The demands include specific sops for some labour-intensive sectors and steps to reduce procedural delays in export-related reimbursements.

Trade and Commerce Minister Kamal Nath today said the government would consider a relief package for exporters after the meeting, which will be attended by Cabinet Secretary KM Chandrasekhar, Commerce Secretary Gopal K Pillai, Revenue Secretary PV Bhide and Finance Secretary Arun Ramanathan. Industry and exporters will be represented by the Federation of Indian Export Organisations (FIEO), the Federation of Indian Chambers of Commerce and Industry (Ficci) and the Confederation of Indian Industry (CII).

The government has announced two fiscal packages since December 2008, which include relief measures for exporters too.

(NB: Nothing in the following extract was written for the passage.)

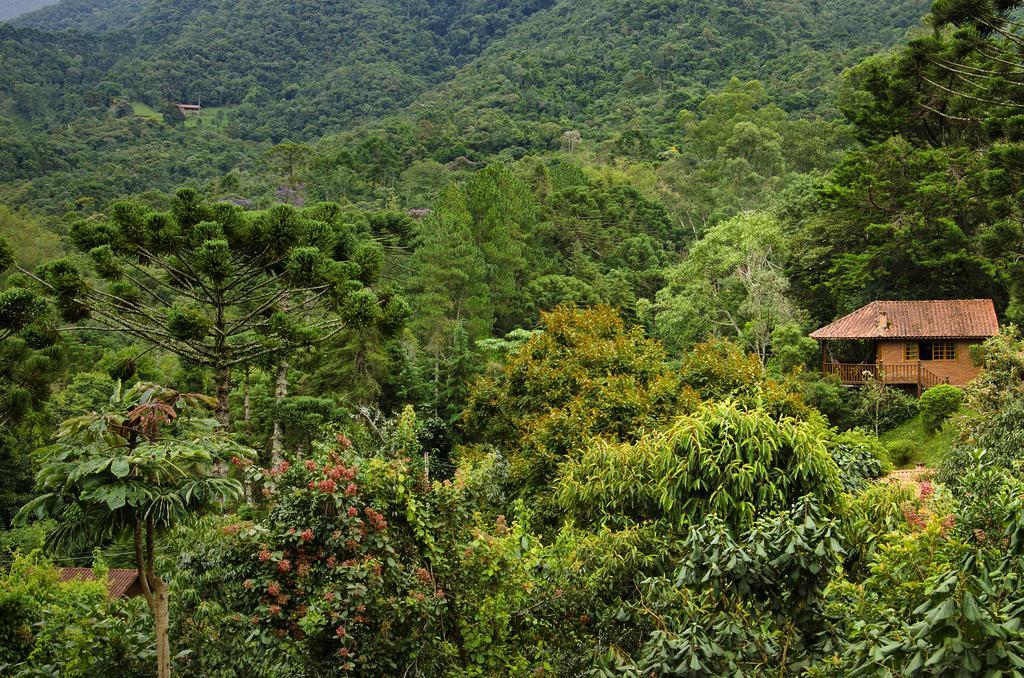 Pousada Das Araucarias Visconde de Mauá Exteriér fotografie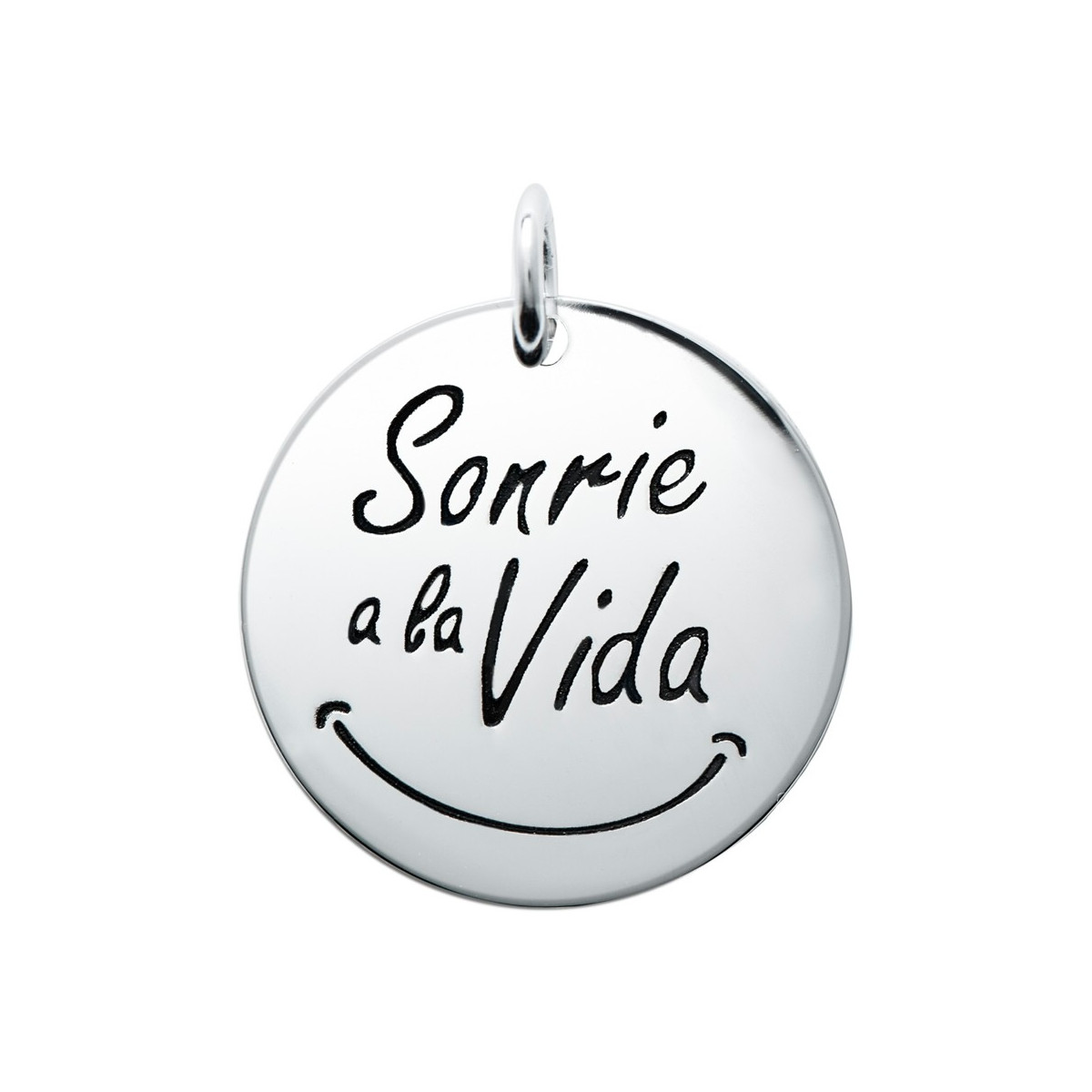 MEDALLA SONRIE A LA VIDA - CO2286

“There is need for some sectoral focus on issues related to labour-intensive areas like textiles, gems and jewellery, and leather, among others,” said a Ficci representative who will attend the meeting. India’s export growth dipped in October and November 2008 as demand from key markets like the US and the EU fell sharply due to the ongoing economic downturn.

One of the major demands of exporters is likely to be the refund of state taxes. “In many states, these constitute 5-6 per cent of the value of the export consignment. This erodes the competitiveness of Indian exports in the international market. Exporters want that in this hour of crisis, the state taxes should be refunded through a special scheme,” said a FIEO representative.

Exporters will also seek access to dollar-denominated export credit, which has dried up. The wish-list is likely to include increased subsidy on export credit as well. The CII argues that India’s competing countries from South-East Asia get export credit at less than 5 per cent, and has called for removal of the minimum limit of 7 per cent on interest rates for export-related loans.

The CII has also called for reinstating the income tax benefit available to exporters under Section 80 HHC of the Income Tax Act, which was taken back in 2004-05. Under this, Indian exporters got tax benefits if they ploughed back profits to plant and machinery.

Many problems related to the refund of indirect taxes to exporters are also likely to be taken up. “Central excise refunds to exporters take up to three months. Exporters are not getting service tax refunds because of technical issues. Even duty drawback payments (under a duty remission scheme) are held up since November in the inland container depot in Tughlakabad near Delhi,” said a FIEO functionary.

Exporters want the government to refund 80 per cent of the dues immediately and say that the rest would be paid back after the completion of procedural requirements.

Certain sectors are also looking at specific issues. Textile exporters want duty drawback (a duty remission scheme) rates to be increased. Another issue bothering exporters from the sector is the recent increase in the Minimum Support Price (MSP) for cotton. Textile exporters say the new MSP makes Indian cotton costlier than international cotton by about 15 per cent. Exporters have demanded that the government procure cotton and sell it to them at international rates.